### Records supplied

Content starts

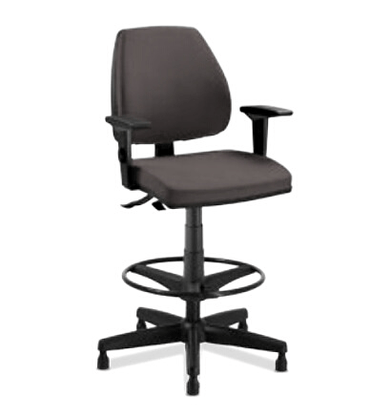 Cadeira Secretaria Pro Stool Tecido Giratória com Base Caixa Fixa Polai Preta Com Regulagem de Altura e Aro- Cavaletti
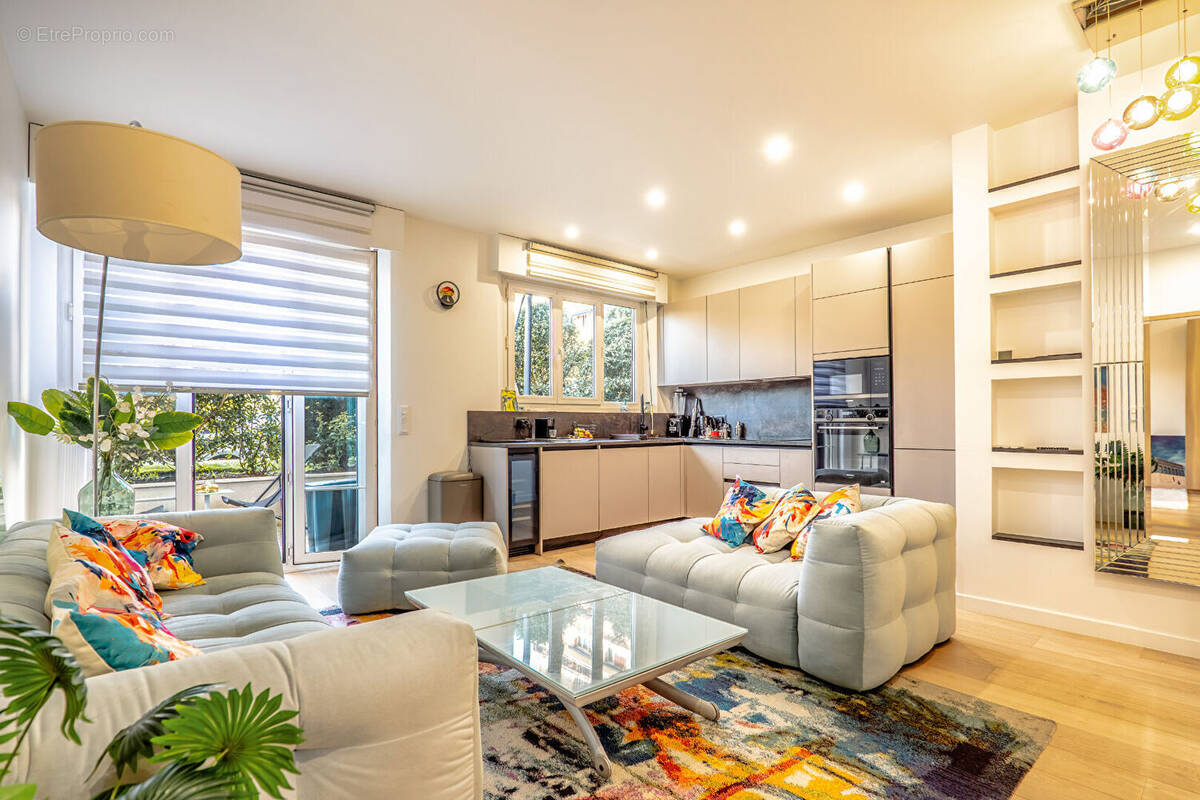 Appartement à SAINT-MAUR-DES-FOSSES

Content ends
Content starts

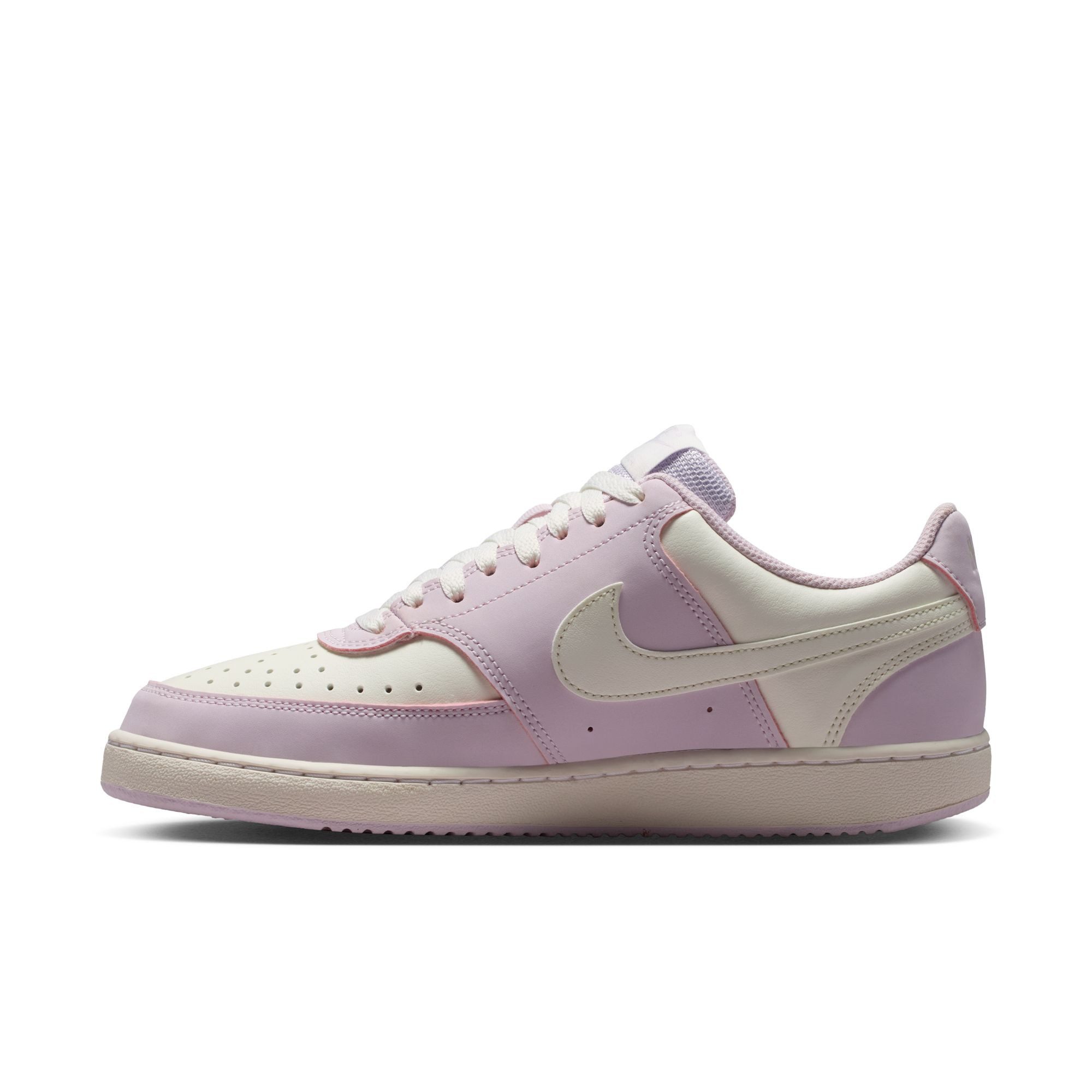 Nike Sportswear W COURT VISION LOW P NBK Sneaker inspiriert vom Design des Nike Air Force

Content ends

Copy exactly the material above from the line with "Cadeira Secretaria Pro" to the line with "Appartement à SAINT-MAUR-DES-FOSSES", ends included, and nothing else. Leave out any picture.

 Cadeira Secretaria Pro Stool Tecido Giratória com Base Caixa Fixa Polai Preta Com Regulagem de Altura e Aro- Cavaletti
 Appartement à SAINT-MAUR-DES-FOSSES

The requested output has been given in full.